I recently finished reading the book, "Big Magic," by Elizabeth Gilbert. I bought the book impulsively at an airport to cure my layover boredom. The brightly colored cover caught my attention, and gave me the impression that it wasn't too heavy, which was my intent. I had heard of the author before as Gilbert has also written "Eat Pray Love," which I have not read but am familiar with its success.
It was as though divine intervention occurred in that Hudson bookstore. "Big Magic" is a book that every creative (or aspiring creative) should read. Like Gilbert, my choice poison is writing. But I would encourage anyone with a creative soul to read this book. You know who you are.
One of the concepts I loved most about her book was how she presented ideas. "Ideas spend eternity swirling around us, searching for available and willing human partners... When an idea thinks it has found somebody - say, you - who might be able to bring it into the world, the idea will pay you a visit. It will try to get your attention. Mostly, you will not notice. This is likely because you're so consumed by your own dramas, anxieties, distractions, insecurities, and duties that you aren't receptive to inspiration... The idea will try to wave you down (perhaps for a few moments; perhaps for a few months; perhaps even for a few years), but when it finally realizes that you're oblivious to its message, it will move on to someone else."
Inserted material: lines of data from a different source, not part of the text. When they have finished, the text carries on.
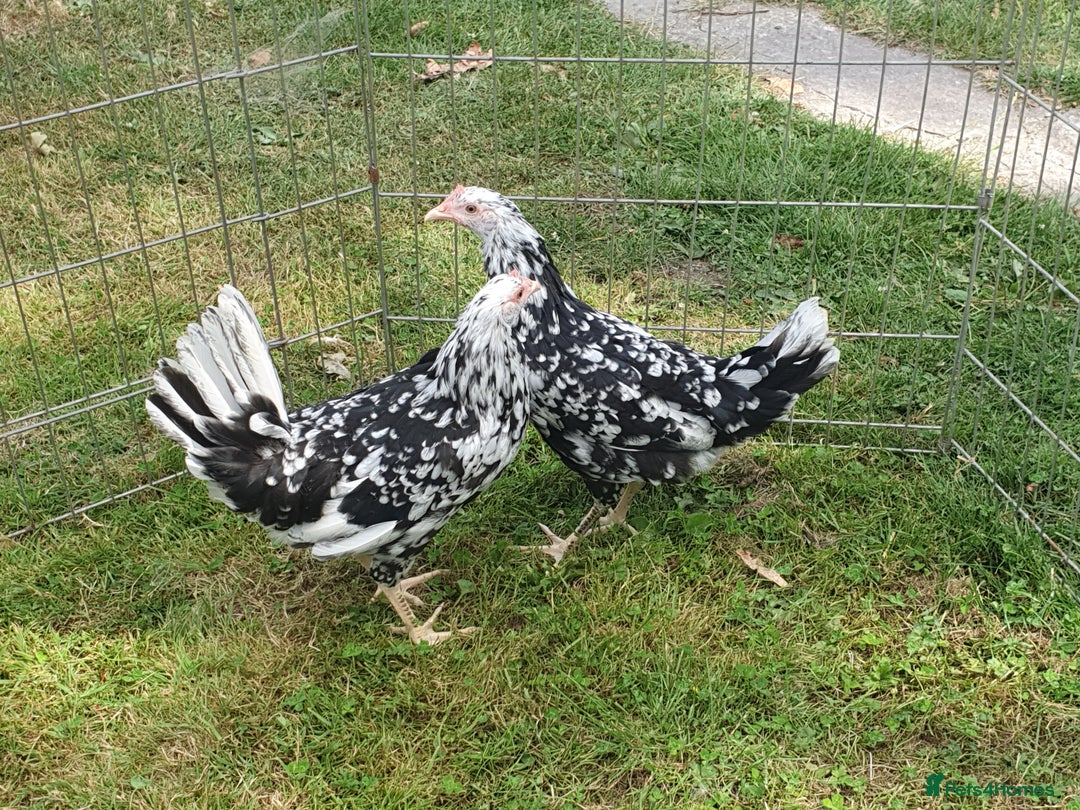 Chickens poultry for sale: Exchequer Leghorn pullets - Image 2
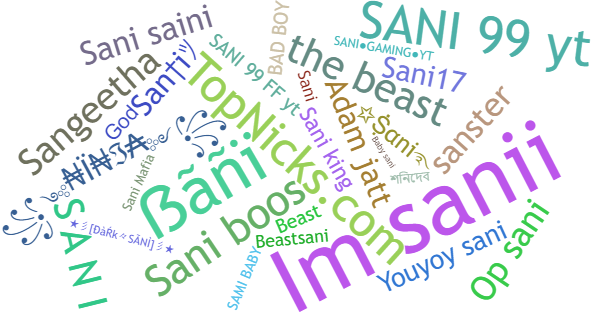 Nicknames for SANI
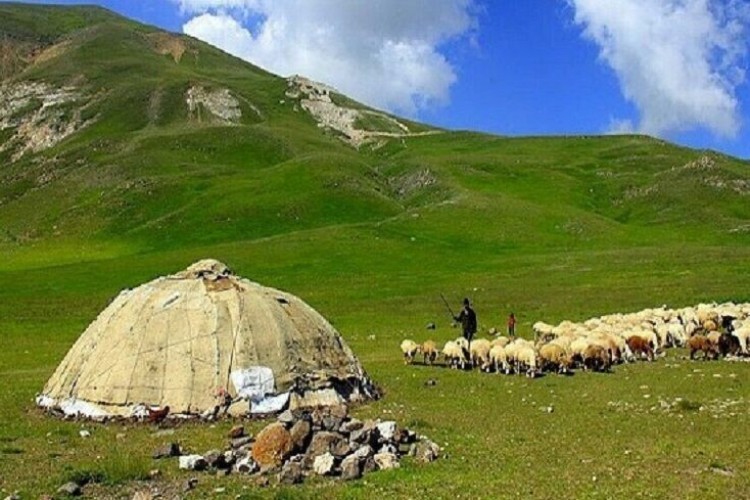 حمایت ۳۰ هزار میلیارد ریالی وزارت کشور از عشایر در شرایط خشکسالی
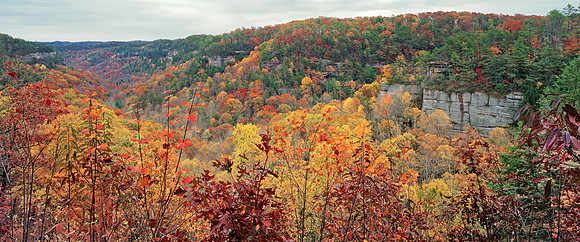 Gorge_Overlook_36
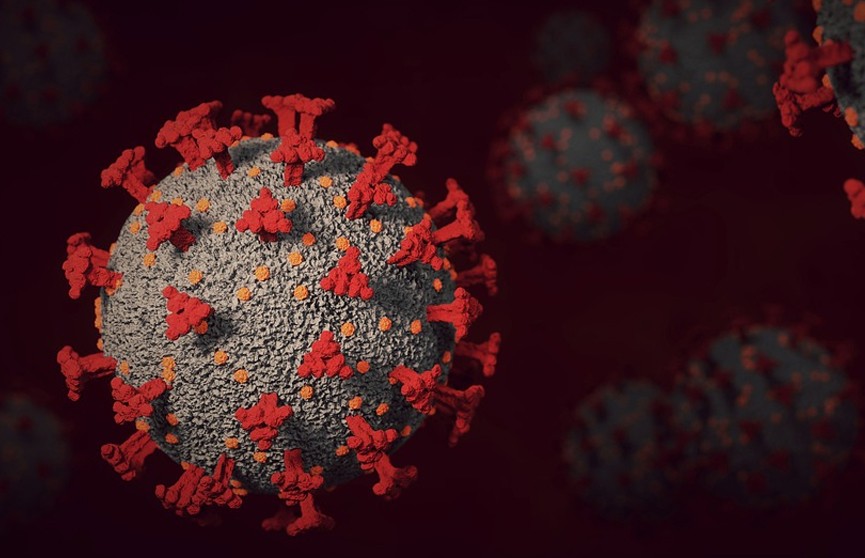 Антитела к «омикрону» плохо нейтрализуют другие штаммы COVID-19, рассказал вирусолог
This concept removes both the ego in having an idea, since an idea is its own force (not "yours"), and also alleviates some of the pressure that many creatives face. It also ignites a fair sense of urgency to act upon those ideas.
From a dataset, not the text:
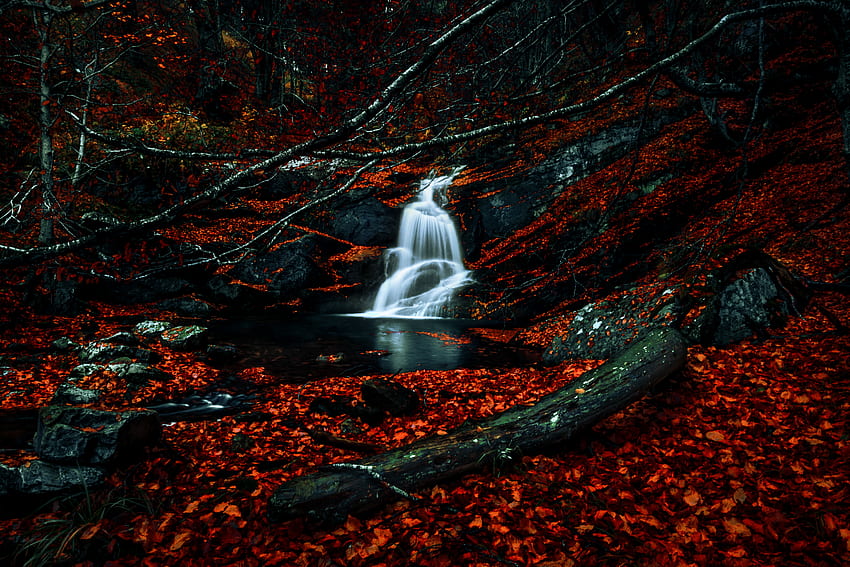 Jesień, czerwone liście, las, wodospad, rzeka, strumień wody Tapeta HD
Here are some other sentences I underlined and doodled around in "Big Magic" (all written by Gilbert unless otherwise noted):
- He didn't quit his day job to follow his dream; he just folded his dream into his everyday life.
- If inspiration is allowed to unexpectedly enter you, it is also allowed to unexpectedly exit you.
- Well, yes, it probably has been done. Most things have already been done - but they have not yet been done by you.
- If it's authentic enough, believe me - it will feel original.
- "It ain't what they call you; it's what you answer to." - W. C. Fields
- Creativity wants to flip the mundane world upside down and turn it inside out, and that's exactly what a trickster does best.
- I believe it is our privilege as humans to keep making things for as long as we live.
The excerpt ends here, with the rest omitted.